Programmatic advertising offers a smarter, faster alternative to manual digital advertising. Both publishers and advertisers may find themselves struggling with the management of ad space and manually negotiating the sale and purchase of ads is a time-consuming process.

How Programmatic Advertising Works

 Programmatic advertising helps to connect publishers - those who have websites with ad space (ad inventory) to sell - and advertisers - those who want to buy that ad space to promote their brand.
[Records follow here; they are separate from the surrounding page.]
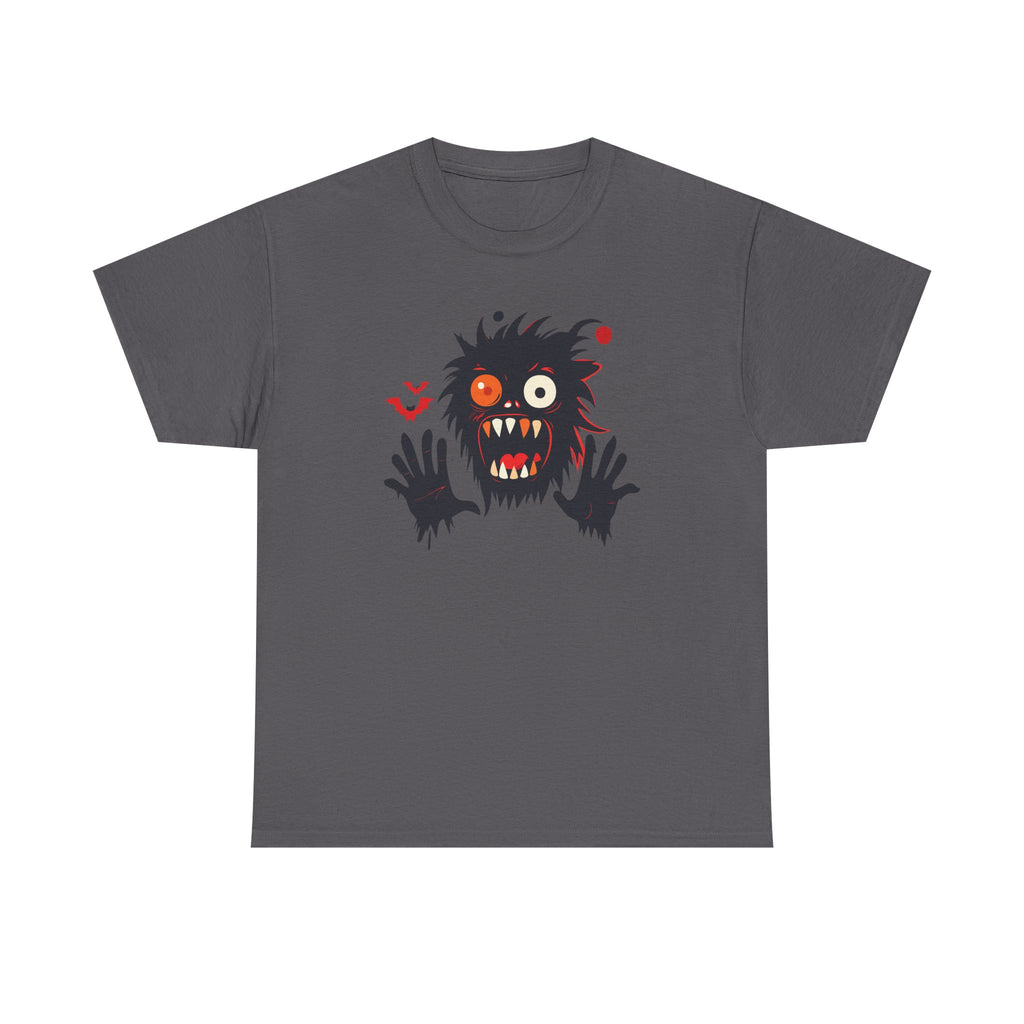 Monster Face T-Shirt Scary Creepy Graphic Tee (Halloween)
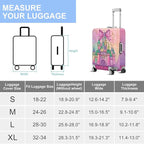 ANNA QUEEN Fantasy Castle Travel Luggage Cover -Stretchable Airplane Suitcase - Image 7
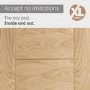 Internal Oak Door - Pre-Finished - 1981 x 838 x 35mm - Palermo Premium - XL Joinery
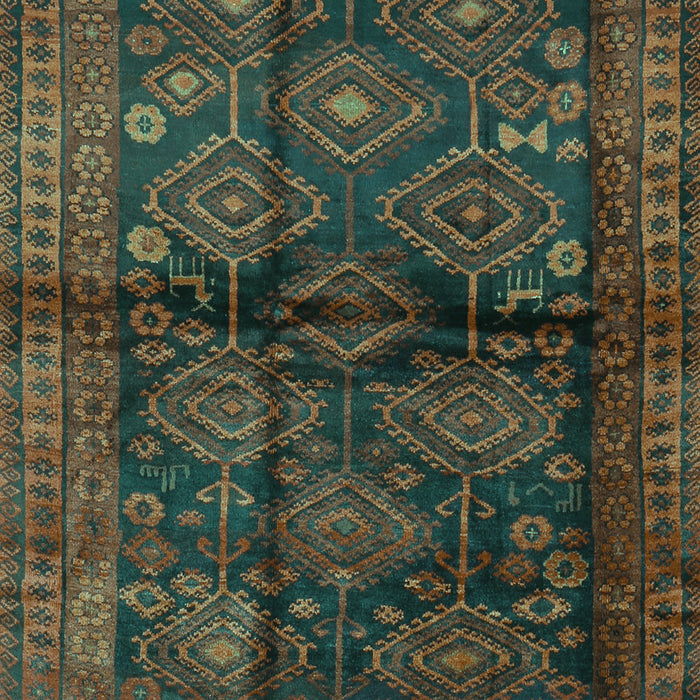 Machine Washable Persian Turquoise Traditional Area Rugs, wshtr2790turq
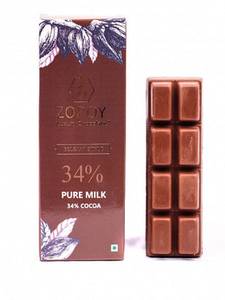 ZOROY Belgian Style Pure Milk Chocolate Bar 25 Gms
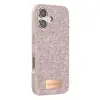 Onegif  İphone 17 Bright Simli Kapak - Pembe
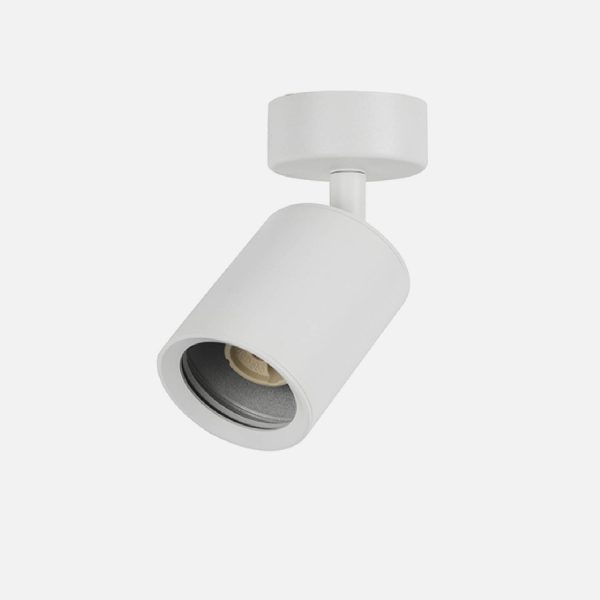 FOCO SOBREPUESTO PORTA GU10 BLANCO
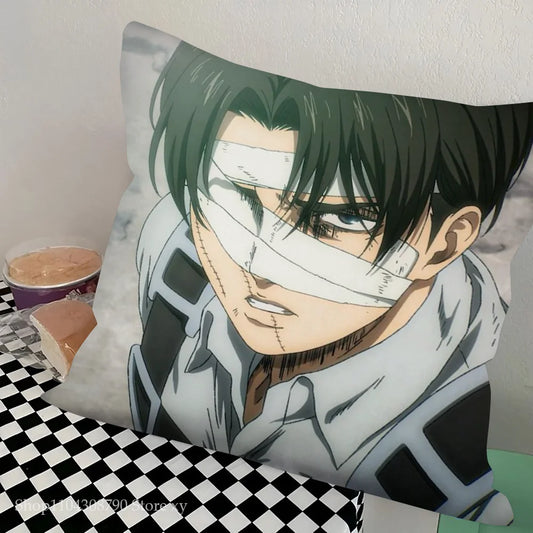 Attack on Titan Pillow Cover β Square Cushion Case for Home & Car Decor
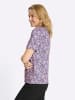 Sieh an! Kurzarmshirt in flieder-feige-bedruckt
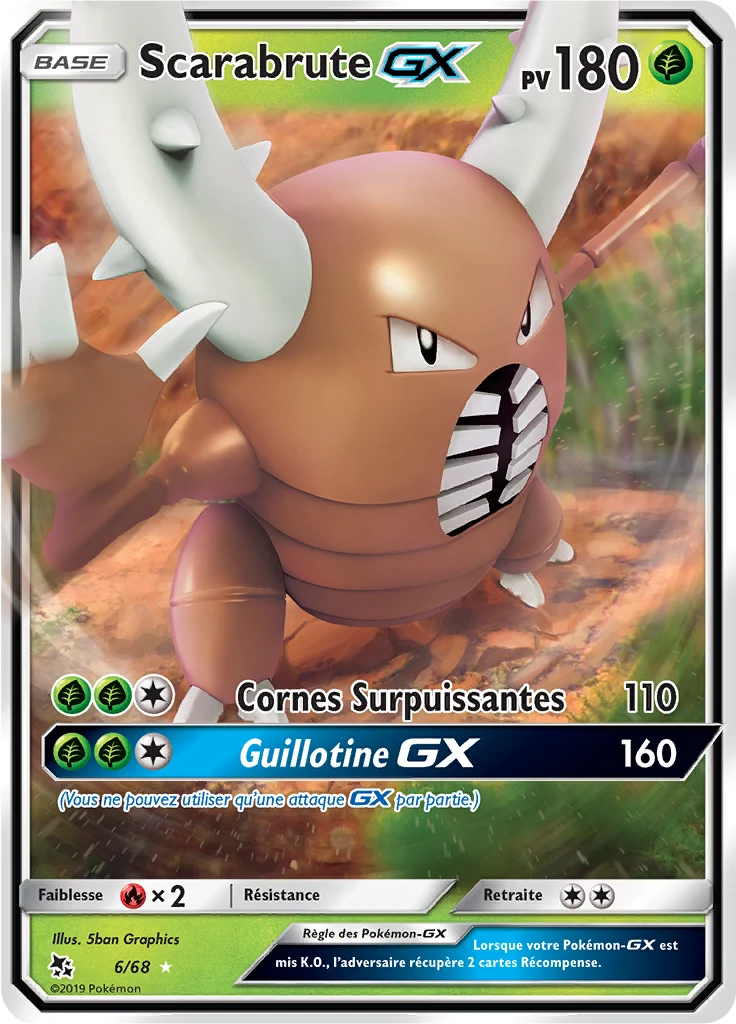 Carte Pokémon Scarabrute-GX de l'extension Destinées Occultes
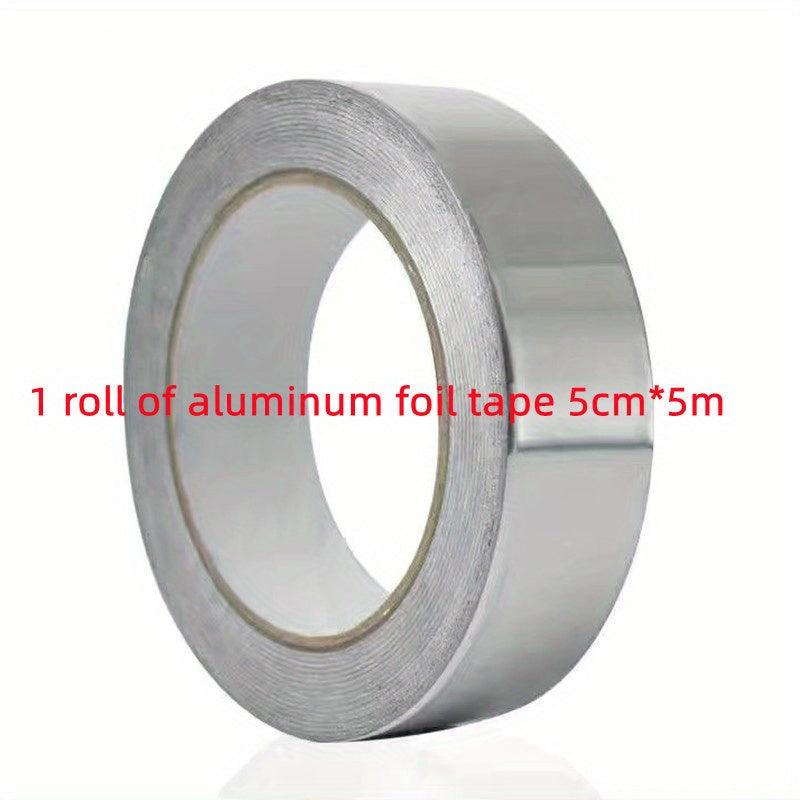 Kitchen Fine Seam Aluminum Foil Tape Waterproof High Temp Resistant Adhesive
  1. When an advertiser wants to launch a digital campaign to promote their product or service, they contact their programmatic ad agency or trading desk. The agency uses a demand-side platform (DSP) to automate the process of buying ad impressions to meet the goal of the campaign.
  2. A DSP allows advertisers and their agencies to purchase ad inventory from multiple publishers. The DSP ensures the ads are aimed at the right audience through the use of a data management platform (DMP), which manages audience data. This data is used to target the right audience, taking a variety of factors into account, such as location, demographics, user behaviour, and online activity.
  3. When a person who falls within the target audience of the advertiser lands on a publisher's website, the website will send an ad request to the supply-side platform (SSP). An SSP is used by a publisher to sell ads, with the aim of maximising the value the publisher receives from an impression. The SSP runs an auction among its buyers, and the DSP is connected in. 
  4. The DSP uses the data that it receives to evaluate the ad and match it with their data and target parameters. This is used to decide a bidding price for the first impression. Held within the SSP or ad exchange in real-time, the process is often referred to as Real-time Bidding. Although this sounds like a long process, it takes just 100 milliseconds to complete the bidding. After the impression has been sold, it is sent to the publisher's website to be displayed. The process repeats whenever a user lands on the website or refreshes.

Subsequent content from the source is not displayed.